#### WHAT YOU SHOULD DO:
Copy the records below exactly, but leave out any picture they contain.

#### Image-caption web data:
== Segment start ==

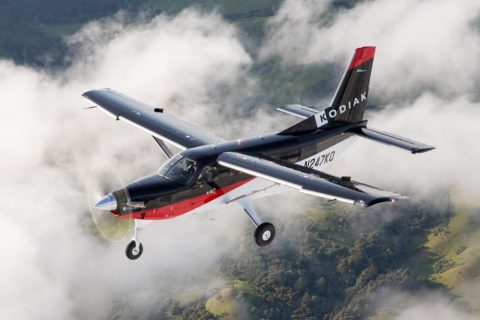 Daher übernimmt Kodiak-Hersteller Quest Aircraft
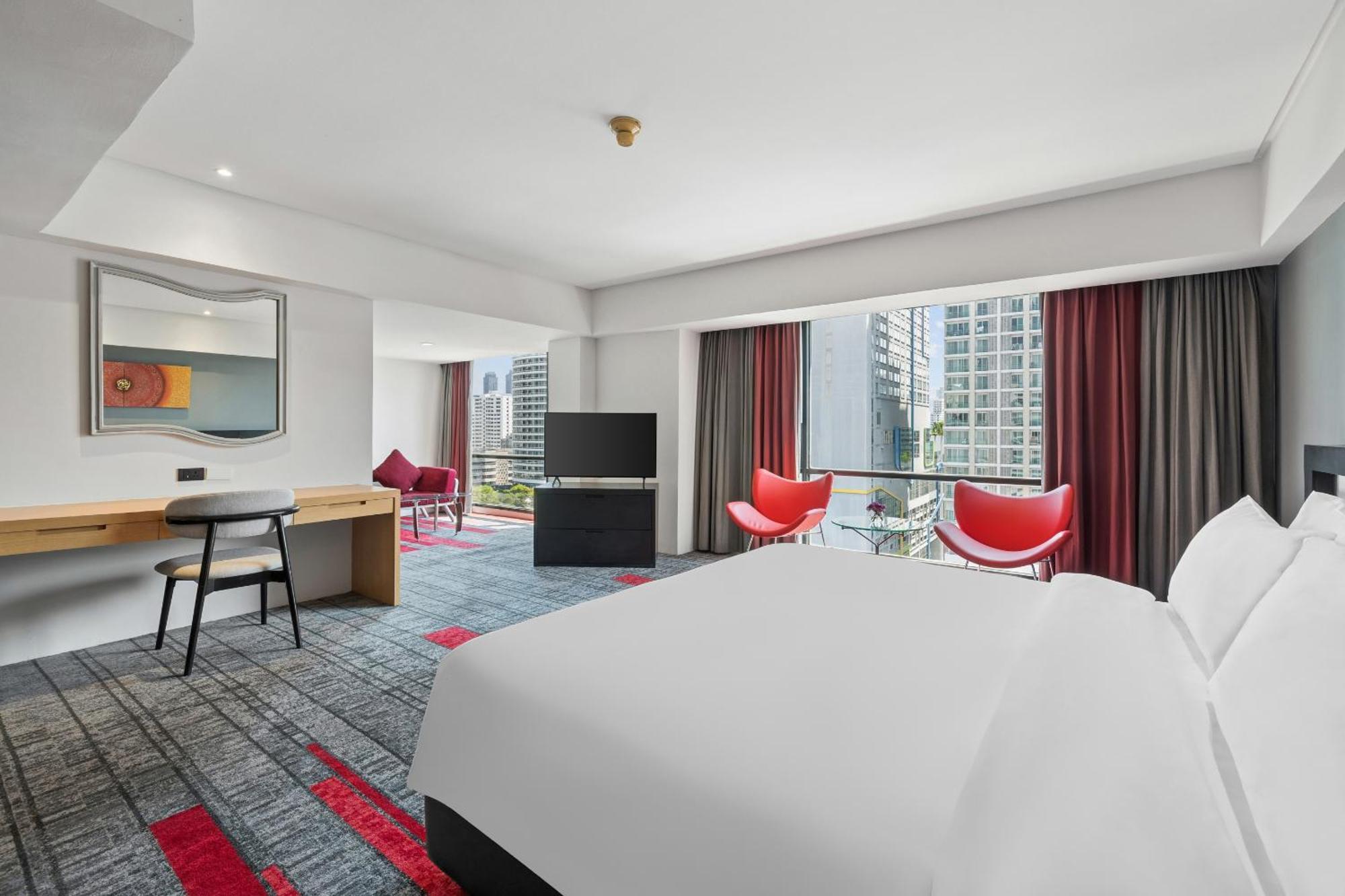 Belaire Suite King Room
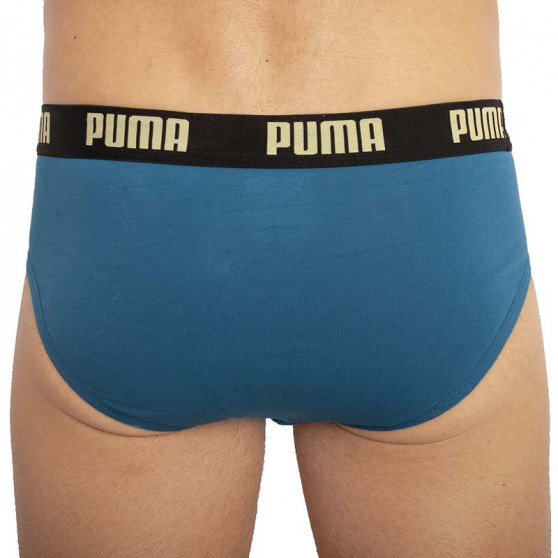 2PACK Tarka Puma férfi slip alsónadrág (521030001 003)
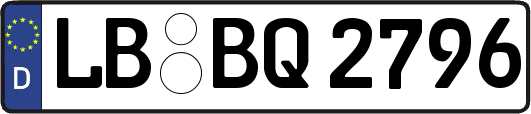 LB-BQ2796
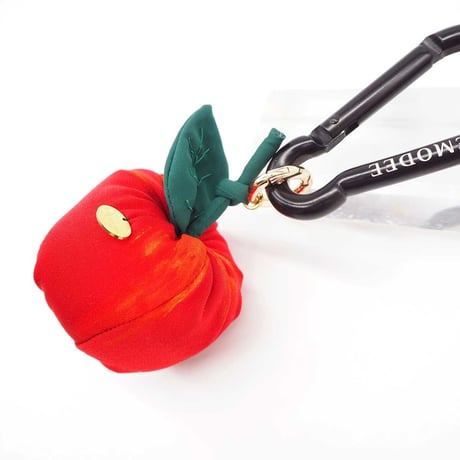 Carabiner-APPLE RED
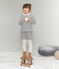 Shorts de niña gris SUBWAY CHINE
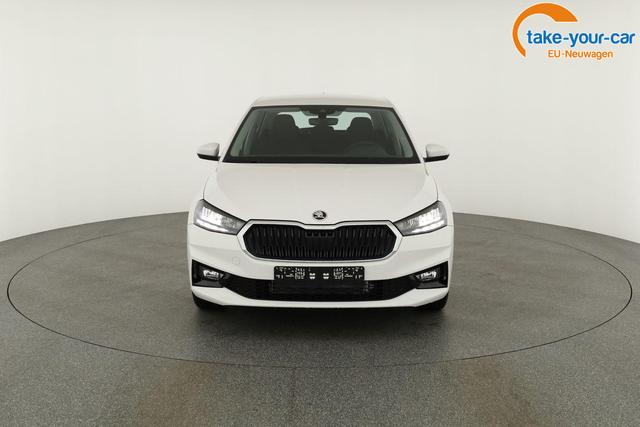 Skoda - Fabia - EU-Neuwagen - Reimport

== Segment end ==

#### SOLUTION TO THE EXERCISE:
 Daher übernimmt Kodiak-Hersteller Quest Aircraft
 Belaire Suite King Room
 2PACK Tarka Puma férfi slip alsónadrág (521030001 003)
 LB-BQ2796
 Carabiner-APPLE RED
 Shorts de niña gris SUBWAY CHINE
 Skoda - Fabia - EU-Neuwagen - Reimport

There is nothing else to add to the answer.